―ジブリール side―
遥か上空、ではなくむしろ低空を私は進む。高度は木々が進行を邪魔しない程度、速度は彼の走る速さに合わせる。
「タイムキーパーを引き受けた以上、そこは守ります」
独り言に応える者はいない。即席の簡単なものですが、認識疎外の魔法を張っているので当然です。一応驚かせることが無いよう彼にだけは見えるようにはしているのですが、どうやら聞こえなかったようで。
常に彼の周辺を飛んでいるため、私が原因で彼自身の場所が特定されることを避けるための配慮。もちろんこれが無駄なことなのは承知の上。ここにいる全員が魔法で位置捜査をしているのは理解しているのだから。
さて、クラミーは一度体力回復に努めるようですね。ここまで全力で走っていたようですし、不思議ではありませんね。しかし、これからの展開を思うと⋯⋯やはり不利なのがどちらかは明白。
「五分経過です」
私は――私のすべきことをしましょう。
―ジブリール side out―
残り時間は三分を切っただろか。すでに俺はある作戦を決行している。といっても大したものではない。ただ進行方向を湖の方へと変えただけだ。俺の予想では、というか間違いなくそこにはフィーがいる。
わざわざ鬼に向かって走る理由、それはあちらの奥の手を使わせないためだ。有利な場面で切り札を使うやつはそうはいない。確信は持てないが、少なくともこれならぎりぎりまで発動を控えるはずだ。
乱立する木を躱し、視界は開けた場所特有の明るさで照らされる。そして対岸には
湖をなぞるように走る俺を見ながら、一度は正面に見たフィーは俺の行く手に待ち構えるべく走り出した。その速度はクラミーよりも遅く、普通にやったら捕まるはずがない。だが今の俺は後ろから追われ、彼女自身は魔法使い。危害を加えずとも手はあるはずだ。

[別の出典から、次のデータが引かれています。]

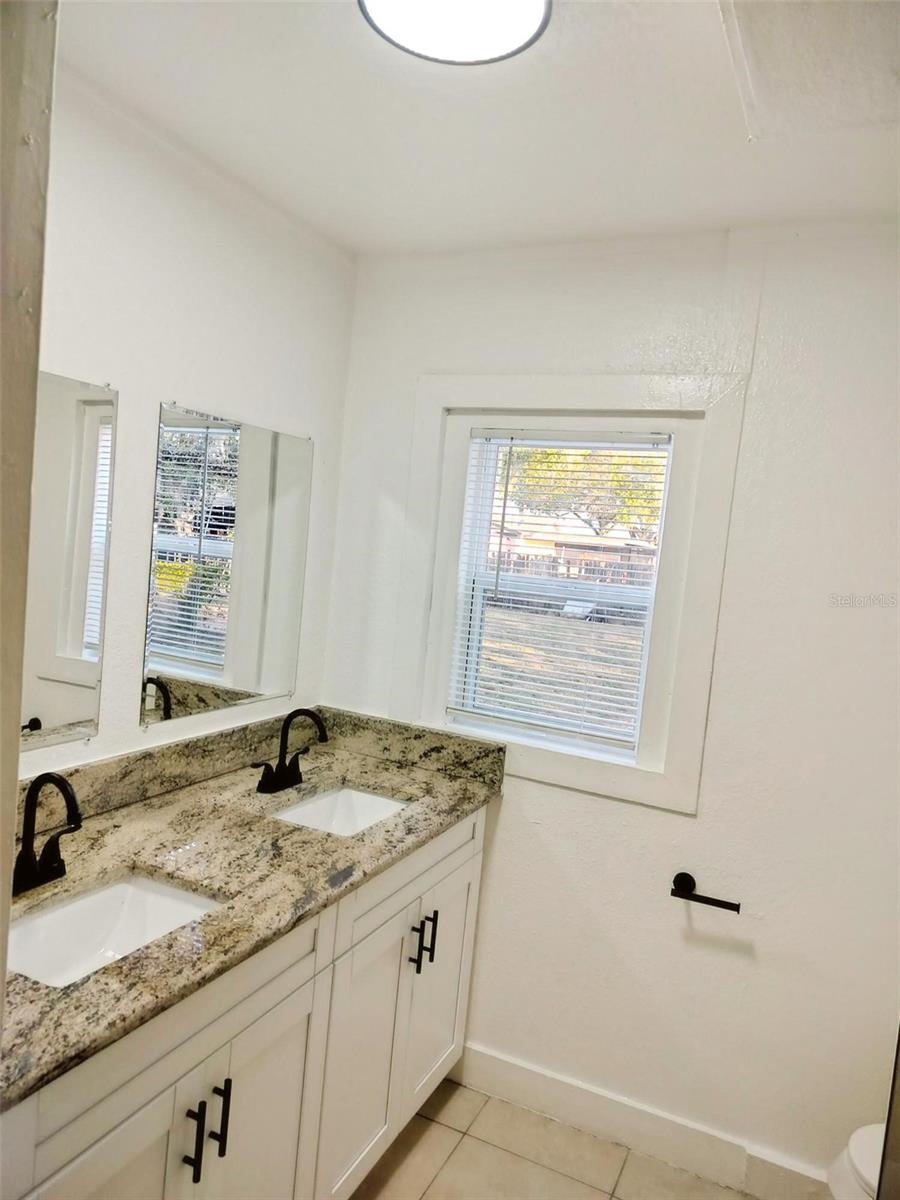 Image 9 of 15 For 2033 Wayman Street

湖を囲む岸の一辺、三人がほぼ直線で結べる位置まで来たこの瞬間、俺は再び森に入る。木が邪魔で見えはしないが、止まった足音の主はフィーだろう。
さっき俺が見た時点ではすでにフィーは俺に近づくために魔法テレビを消していた。だからこそ、再度俺が森に入れば彼女はまた魔法を使おうとする。――そこがねらい目だ。

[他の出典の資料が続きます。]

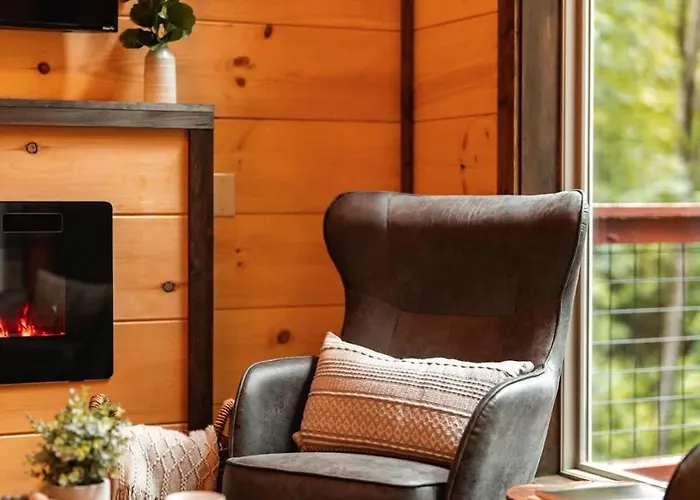 New Cozy Mountain Chalet Hot Tub Near Downtown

距離にして1メートル弱、木を挟んだフィーの隣を通り、また湖の岸へと戻る。
「思ったよりやるのですよ~」
セリフとは裏腹にまだまだ余裕を見せる彼女を見ることもなく、俺は走る。だが、どうやら追っ手は止まったらしい。足を止め振り返ると、息を切らした少女と微笑を浮かべる少女が並んでいる。
「簡単には⋯⋯いかないわね⋯⋯」
「クラミー、大丈夫なのですか?」
「平気よ」
疲れは見えるか、残り時間動くことはできそうだな。それに魔法も考えるといよいよ分が悪い。ここは時間稼ぎに徹しよう。
「双方疲れてんだし、ここで手打ちにしないか?」
「冗談ならもう少し面白いことを言ってほしいものね」
「相方がいないからボケもツッコミも下手なんだよ」
「それは一対二のこのゲームに対する皮肉かしら?」
「俺がぼっちだっていうただの事実だ」
ああ、そうとつまらなそうに返したクラミーは、膝についていた手を上げる。
「息も整ったし、そろそろ終わりにしようかしら」
「おお、引き分けでいいか?」
「何を言っているの?当然、勝つわよ」
どうやらやる気らしい。残り時間は僅かだろうし、なら――来る。
「フィー!」
「行くのですよ〜」
クラミーはまた一歩を踏み出す。だが、それを肉眼で確認できたかは定かではない。
「早ぇっ」
条件反射で森の方に体をズラした俺の横を疾風が通り過ぎる。その風を起こした張本人、クラミーは激しい摩擦と共に地面を抉りながら止まった。
「よく躱したわね」
「備えてたからな」
やはり使ってきたか――魔法による脚力強化。
だが俺は既に弱点を見つけている。
「それが奥の手なら、失敗だったな」
「さぁ、どうかしらね」
森へと走り出す俺と、それを見てから進み出すクラミー。タイミングに差はあれど、その先の道無き道では彼女が俺に触れることができる範囲まで一瞬で詰める。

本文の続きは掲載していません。